___ Entries provided
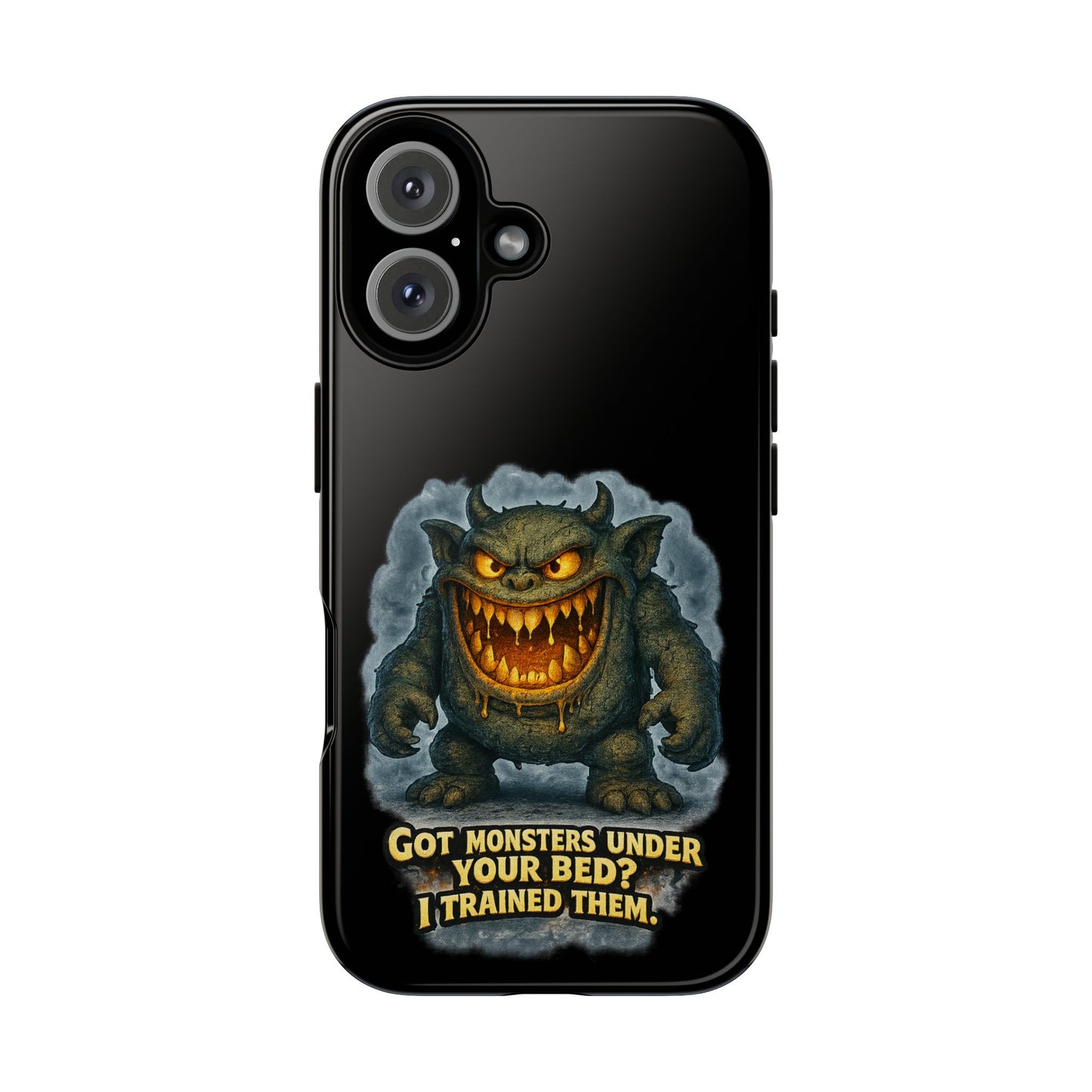 Phone Case — "Got Monsters Under Your Bed? I Trained Them" Funny Monster Design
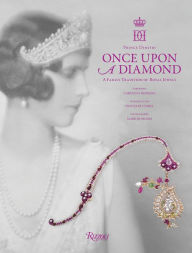 Download ebook format lit Once Upon a Diamond: A Family Tradition of Royal Jewels 9780847866915 in English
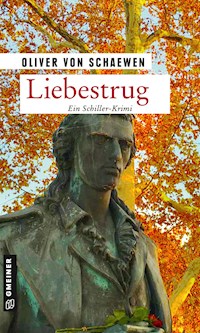 Liebestrug - Oliver von Schaewen - E-Book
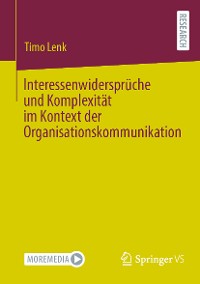 Cover Interessenwidersprüche und Komplexität im Kontext der Organisationskommunikation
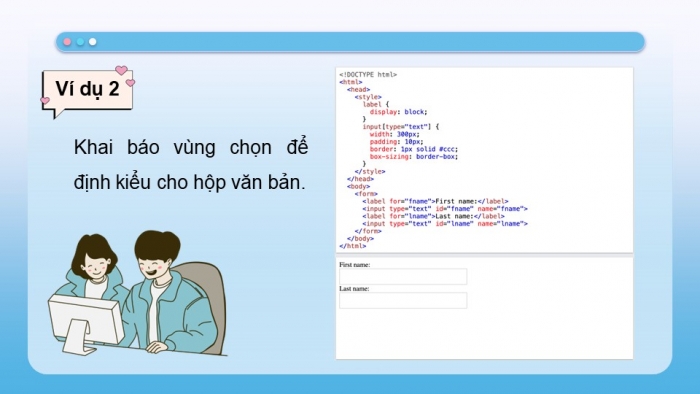 Giáo án điện tử Tin học ứng dụng 12 chân trời Bài F12: Định kiểu CSS cho biểu mẫu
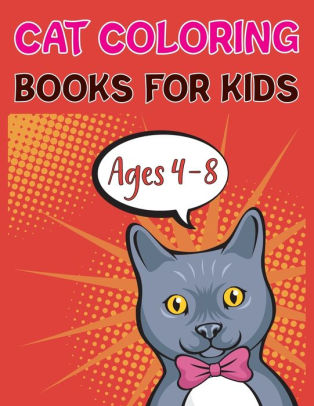 Cat Coloring Books For Kids Ages 4-8: The Little Cat Coloring Book by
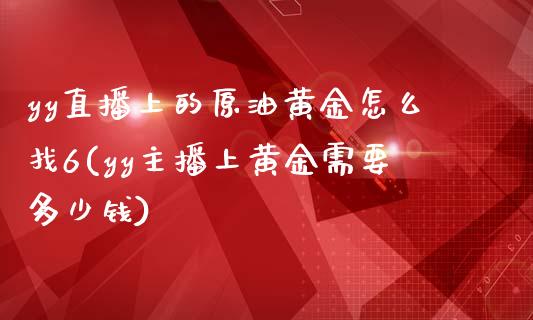 yy直播上的原油黄金怎么找6(yy主播上黄金需要多少钱)_https://www.liaoxian666.com_黄金期货开户_第1张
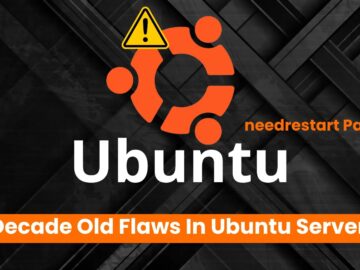 Decade-Old Flaws In Ubuntu Server Package Let Attackers Gain Root Access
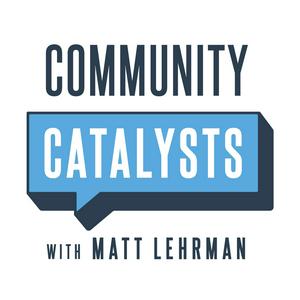 Listen to Community Catalysts in the App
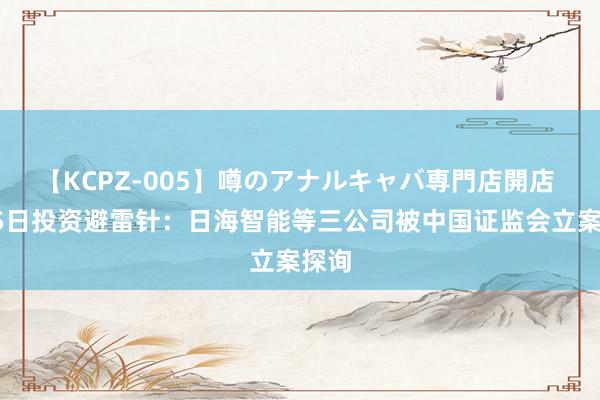 【KCPZ-005】噂のアナルキャバ専門店開店 8月5日投资避雷针：日海智能等三公司被中国证监会立案探询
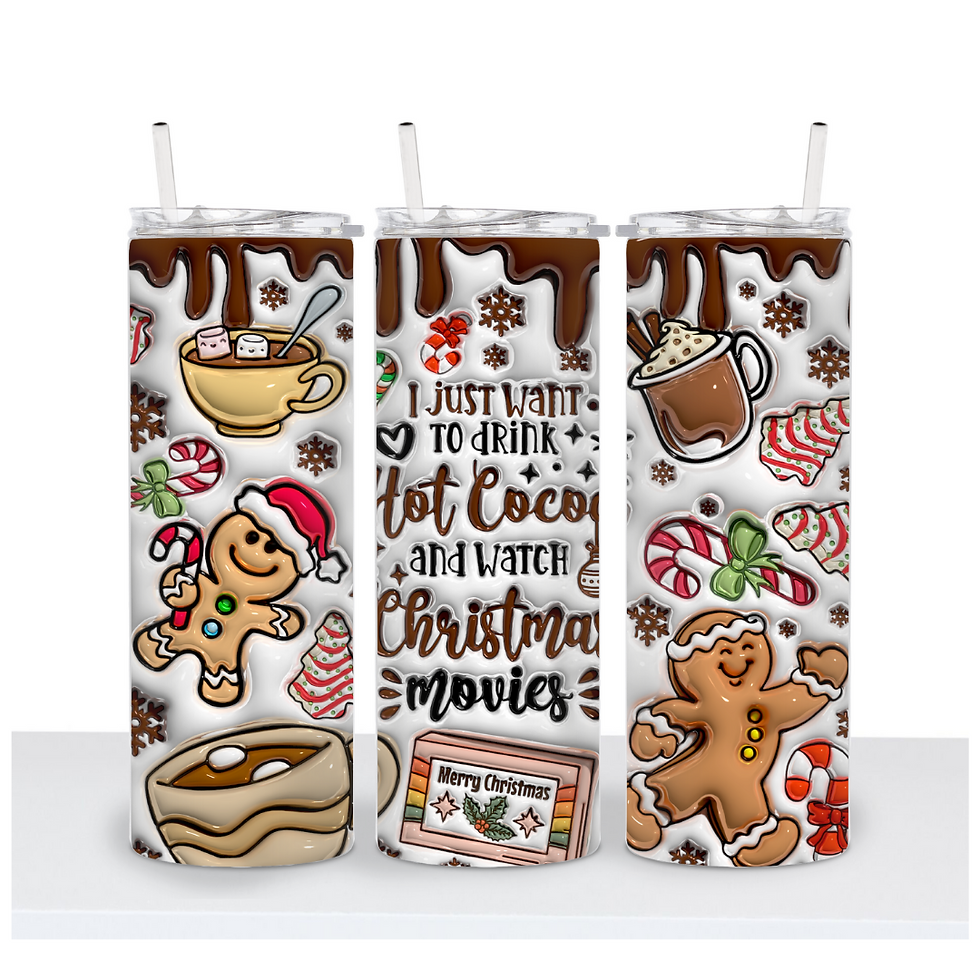 I Want To Drink Hot Cocoa and Watch Christmas Movies Tumbler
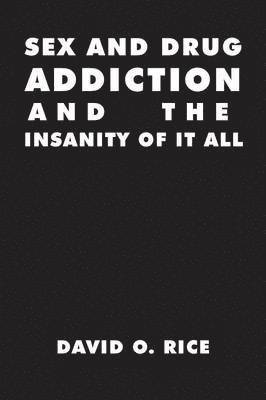 Sex and Drug Addiction and the Insanity of It All 1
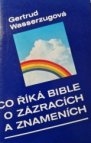 Co říká bible o zázracích a znameních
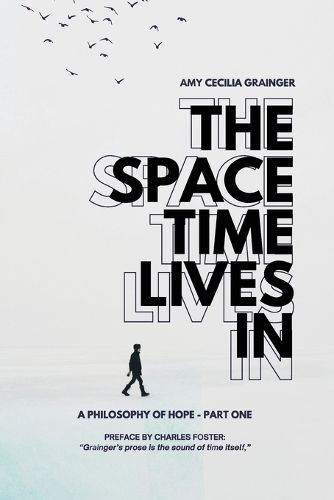 Cover image for The Space Time Lives In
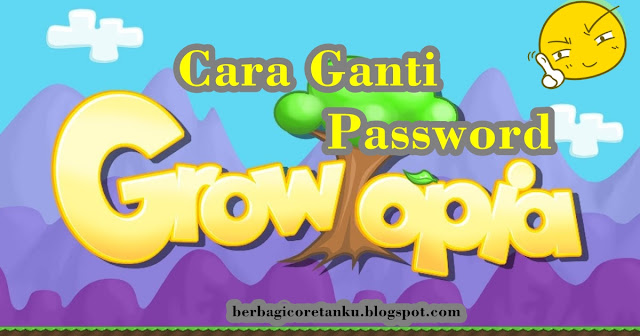 Cara Ganti Password Akun Growtopia Dengan Mudah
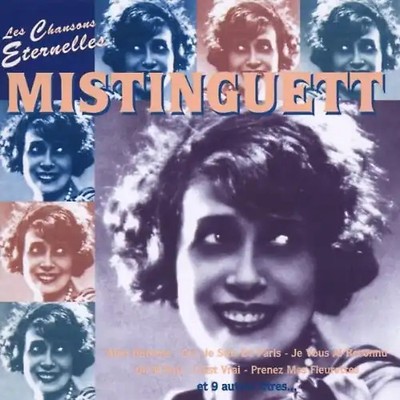 Mistinguett - Les Chanson Eternelles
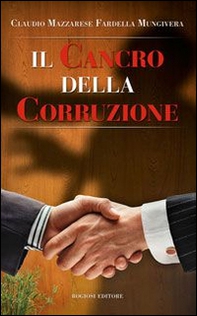 Il cancro della corruzione - Librerie.coop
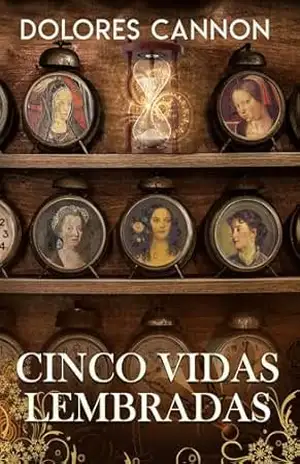 Cinco Vidas Lembradas – Dolores Cannon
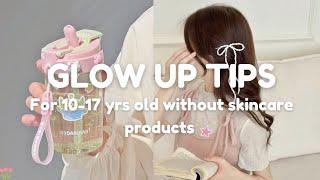 GLOW Up Without Skincare Products|  Easy tips for (10 - 17 )yrs old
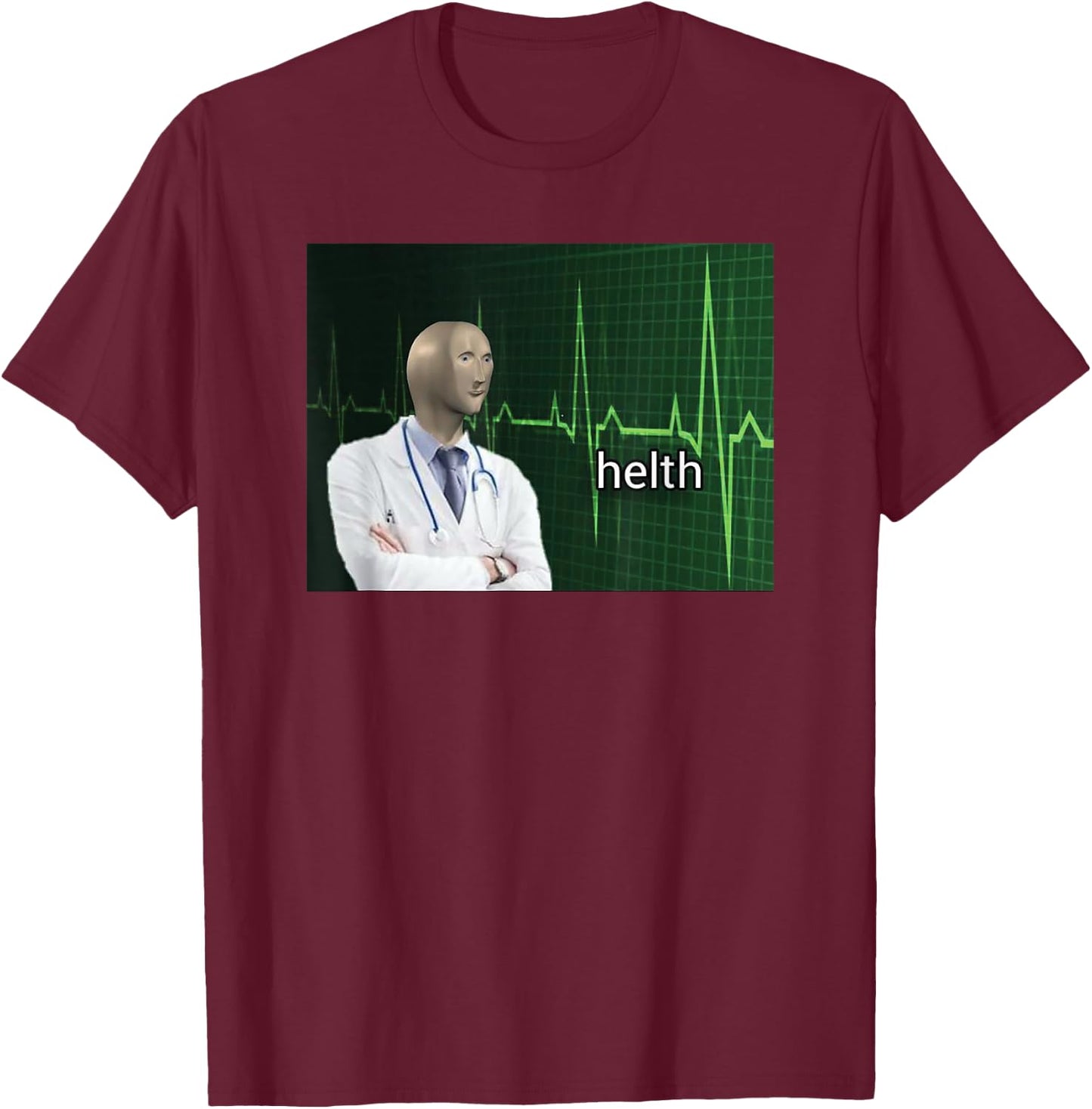 Meme Man Helth Doctor T-Shirt - T-Shirt | Maroon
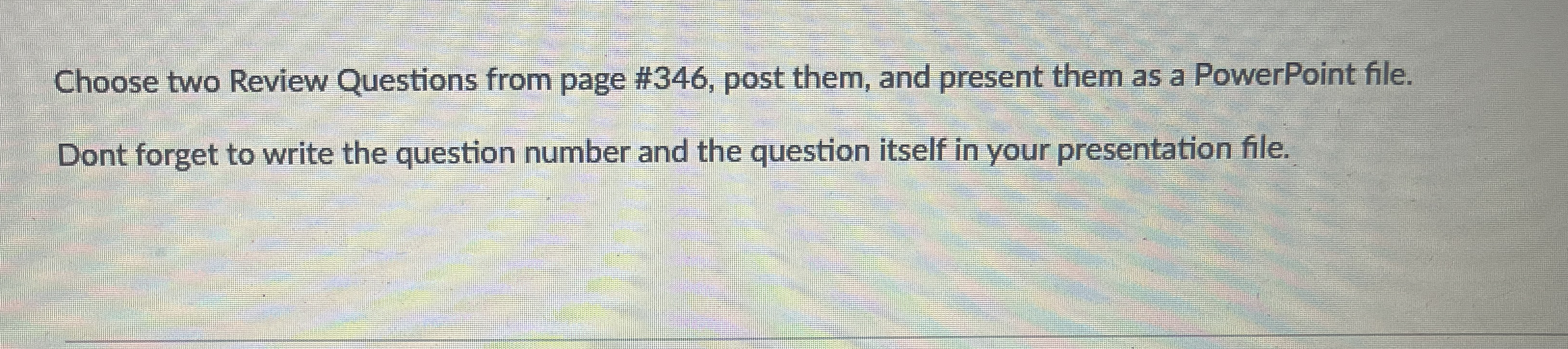 Choose two Review Questions from page # 3 4 6 ,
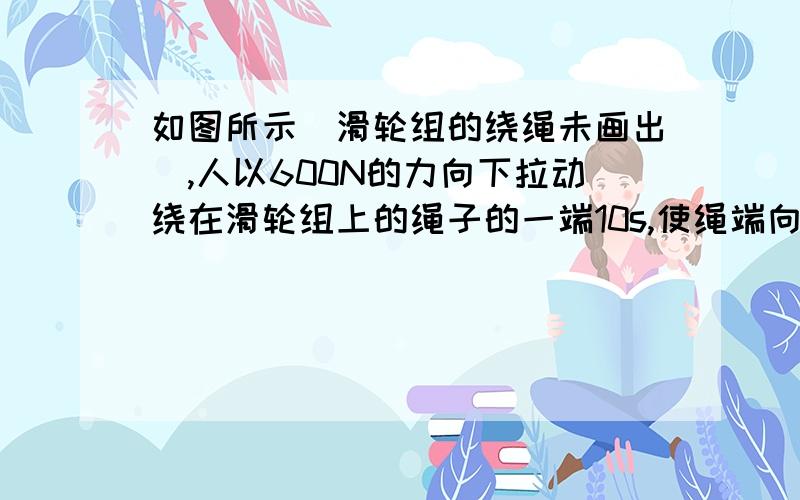 如图所示（滑轮组的绕绳未画出）,人以600N的力向下拉动绕在滑轮组上的绳子的一端10s,使绳端向下移动了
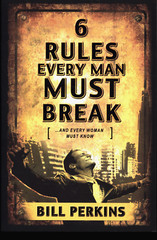 BILL PERKINS 6 RULES EVERYMAN MUST BREAK AND EVERY WOMAN MUST KNOW VERY GOOD
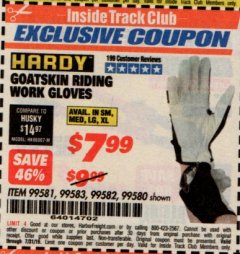 Harbor Freight ITC Coupon GOATSKIN RIDING WORK GLOVES Lot No. 99581/99583/99582/99580 Expired: 7/31/19 - $7.99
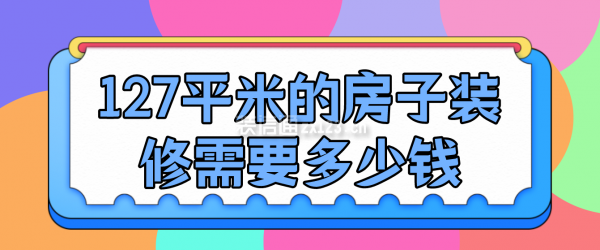 127平米的房子装修需要多少钱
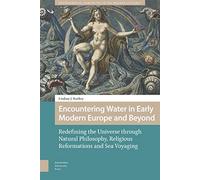 Encountering Water In Early Modern Europe And Beyond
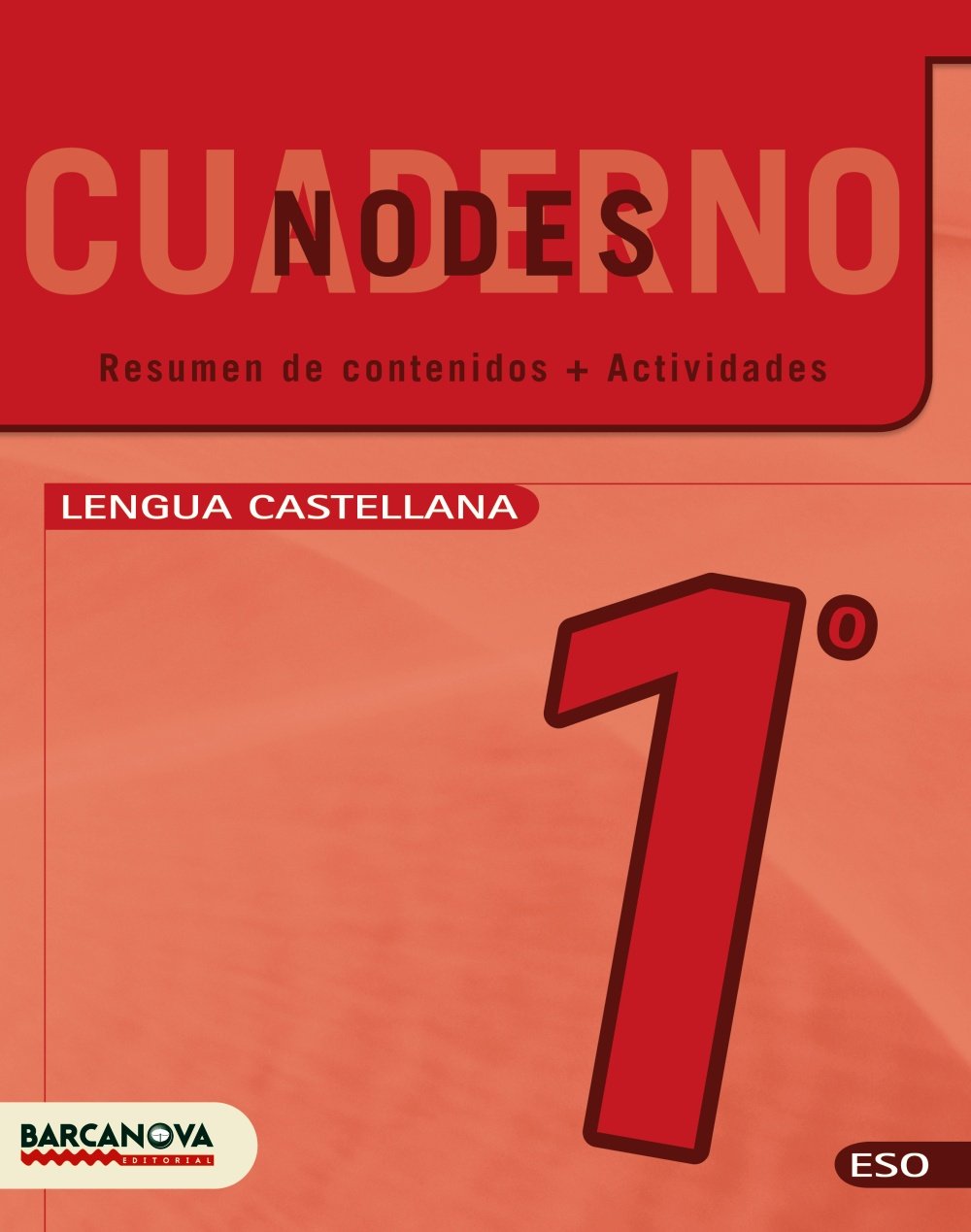 Nodes, lengua castellana, 1 ESO. Cuaderno (Cataluña, Baleares) (Materials Educatius - Material Complementari Eso) Books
______
Goal of the exercise
What you set down should be exactly the lines from the line containing "Cinco Vidas Lembradas – Dolores Cannon" to the last line of the entries above, both included, with no pictures.

Exercise response
 Cinco Vidas Lembradas – Dolores Cannon
 GLOW Up Without Skincare Products|  Easy tips for (10 - 17 )yrs old
 Meme Man Helth Doctor T-Shirt - T-Shirt | Maroon
 Choose two Review Questions from page # 3 4 6 ,
 如图所示（滑轮组的绕绳未画出）,人以600N的力向下拉动绕在滑轮组上的绳子的一端10s,使绳端向下移动了
 BILL PERKINS 6 RULES EVERYMAN MUST BREAK AND EVERY WOMAN MUST KNOW VERY GOOD
 Harbor Freight ITC Coupon GOATSKIN RIDING WORK GLOVES Lot No. 99581/99583/99582/99580 Expired: 7/31/19 - $7.99
 127平米的房子装修需要多少钱
 Encountering Water In Early Modern Europe And Beyond
 Nodes, lengua castellana, 1 ESO. Cuaderno (Cataluña, Baleares) (Materials Educatius - Material Complementari Eso) Books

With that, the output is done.